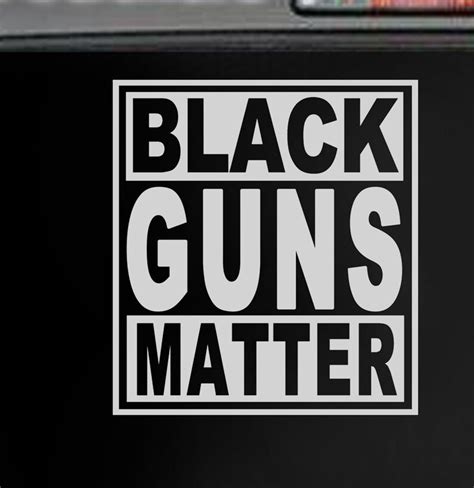 Black Guns Matter Vinyl Car Decal Bumper Sticker New Etsy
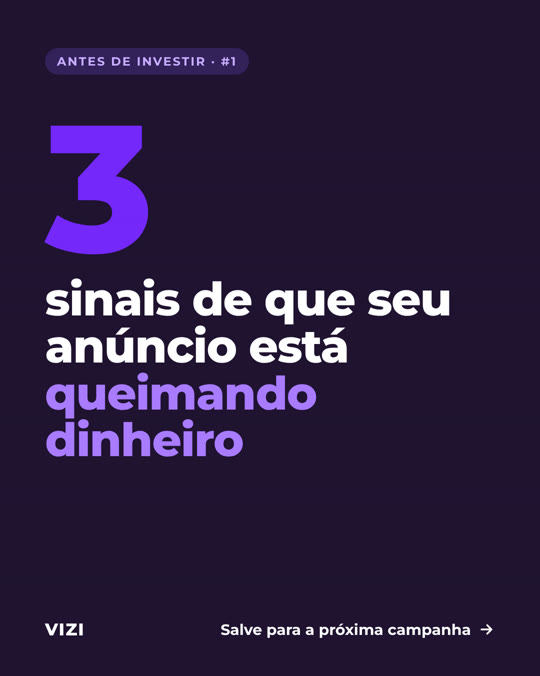 Post: 3 sinais de que seu anúncio está queimando dinheiro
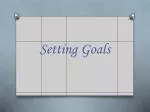 Setting Goals - slide 1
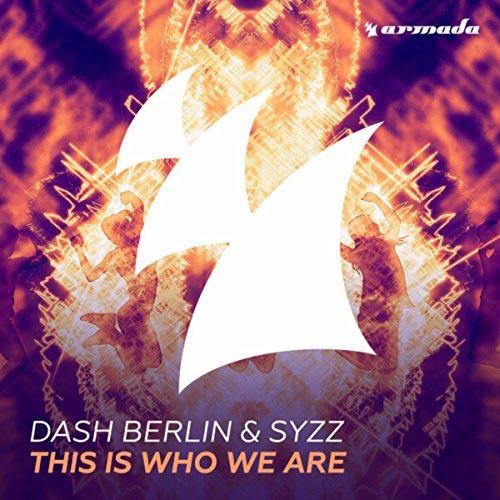 DASH BERLIN and SYZZ - THIS IS WHO WE ARE (RADIO EDIT)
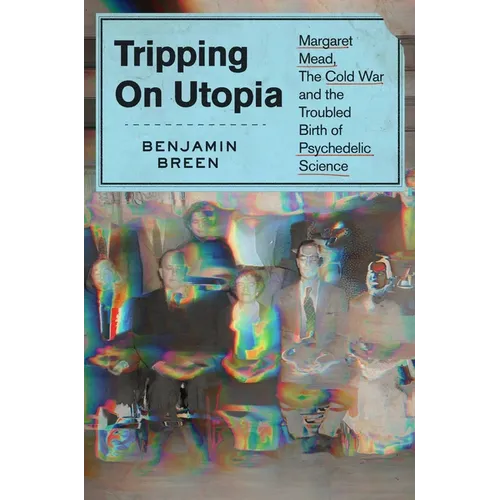 Tripping on Utopia: Margaret Mead, the Cold War, and the Troubled Birth of Psychedelic Science - Hardcover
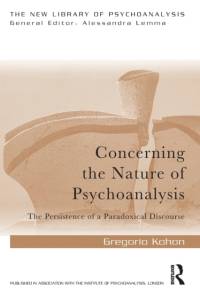 Concerning the Nature of Psychoanalysis av Gregorio Kohon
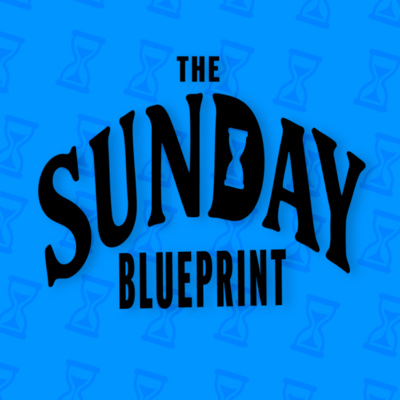 The Sunday Blueprint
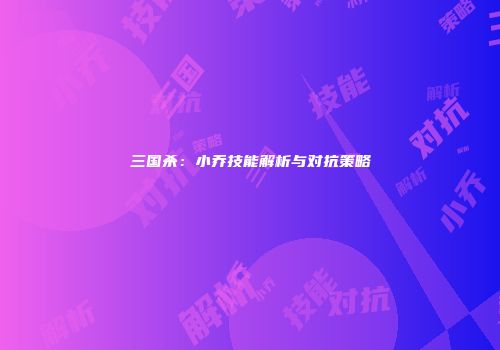三国杀：小乔技能解析与对抗策略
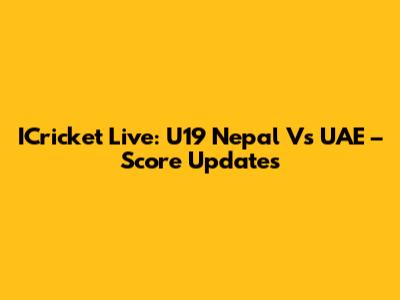 ICricket Live: U19 Nepal Vs UAE – Score Updates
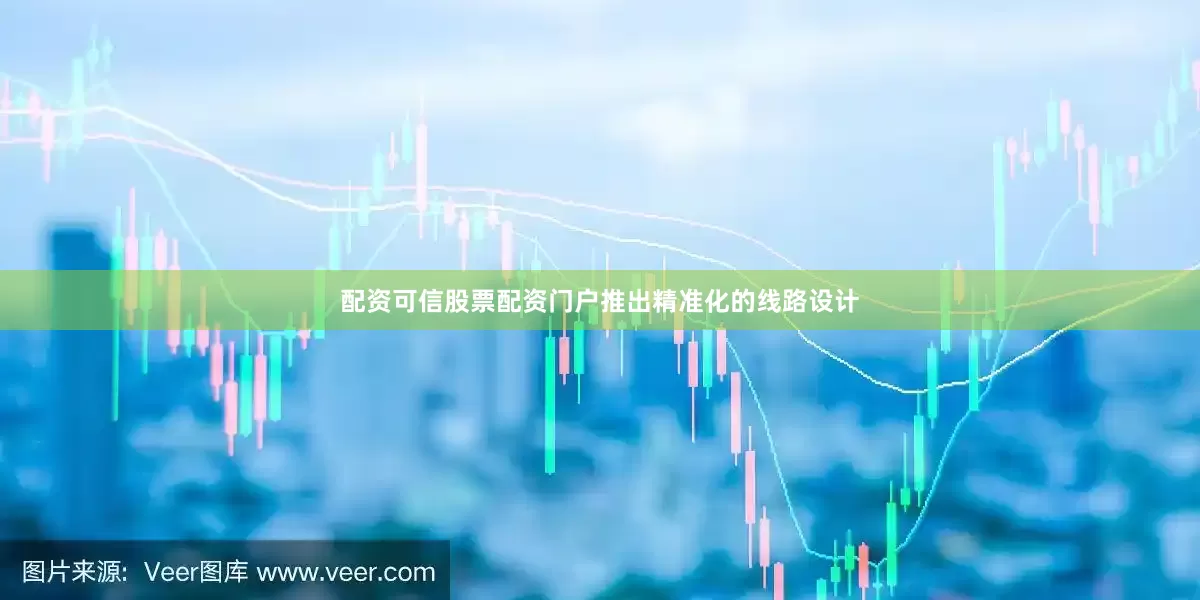 配资可信股票配资门户推出精准化的线路设计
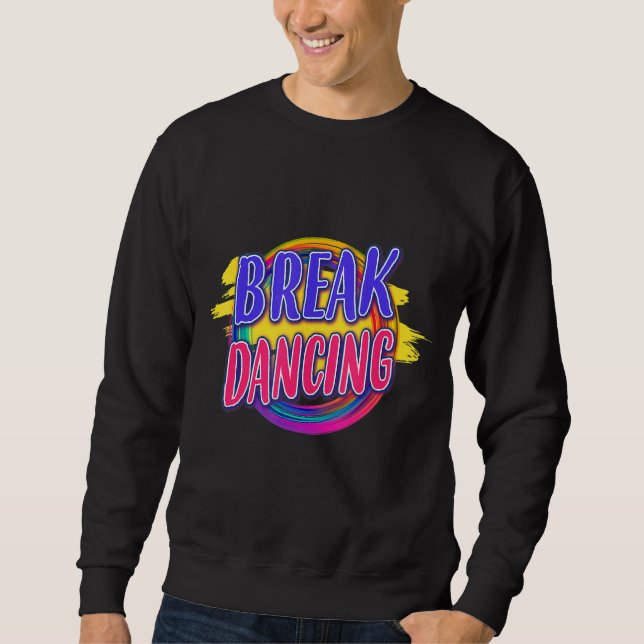Breakdancing Break Dance  Sayings Graphic Sweatshirt (Front)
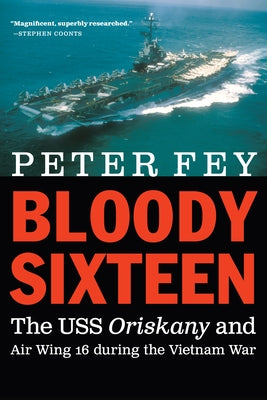 Bloody Sixteen: The USS Oriskany and Air Wing 16 During the Vietnam War by Fey, Peter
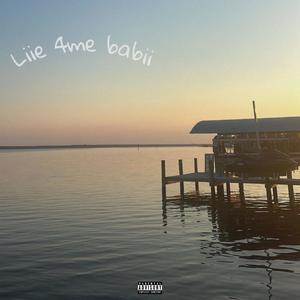 Liie 4me (Explicit)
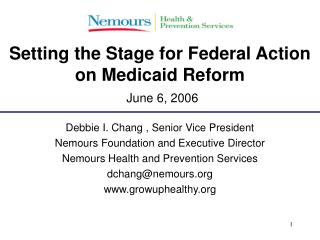 Setting the Stage for Federal Action on Medicaid Reform June 6, 2006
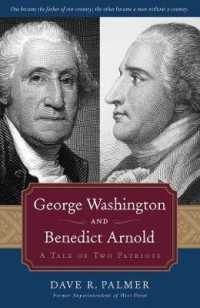 George Washington and Benedict Arnold : A Tale of Two Patriots （Reprint）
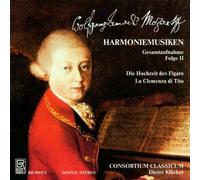 Harmonie Musiken Vol. 2 : Musiques Pour Vents D'apres Le Mariage De Figaro Consortium Classicum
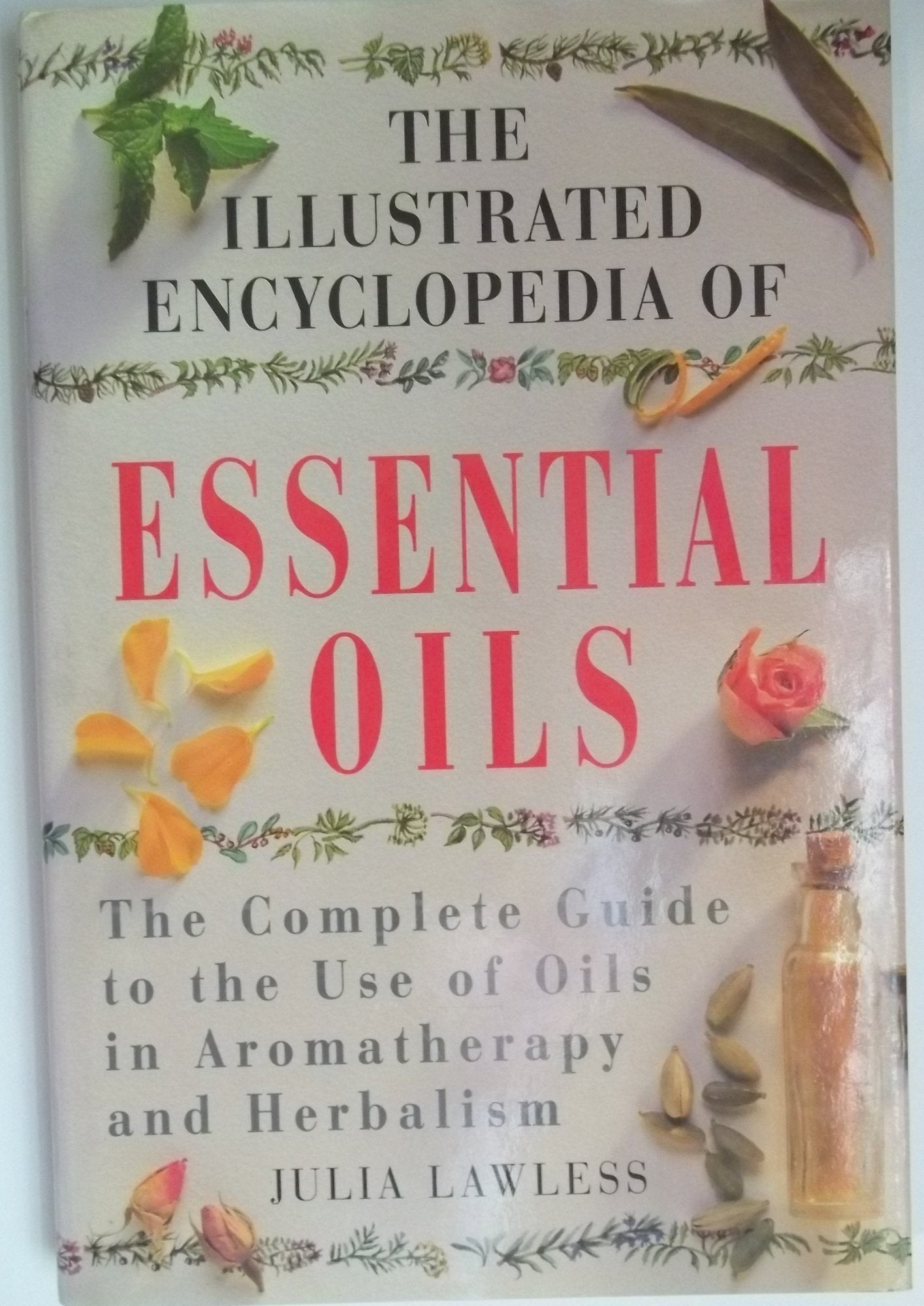 Essential Oils: The Complete Guide to the Use of Oils in Aromatherapy and Herbalism (Illustrated Encyclopedia) Medicine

To do: Write out, exactly as they stand, the line with "Liie 4me (Explicit)" and every line after it through the end of the entries above; omit the pictures.

Task output:
 Liie 4me (Explicit)
 Setting the Stage for Federal Action on Medicaid Reform June 6, 2006
 George Washington and Benedict Arnold : A Tale of Two Patriots （Reprint）
 Harmonie Musiken Vol. 2 : Musiques Pour Vents D'apres Le Mariage De Figaro Consortium Classicum
 Essential Oils: The Complete Guide to the Use of Oils in Aromatherapy and Herbalism (Illustrated Encyclopedia) Medicine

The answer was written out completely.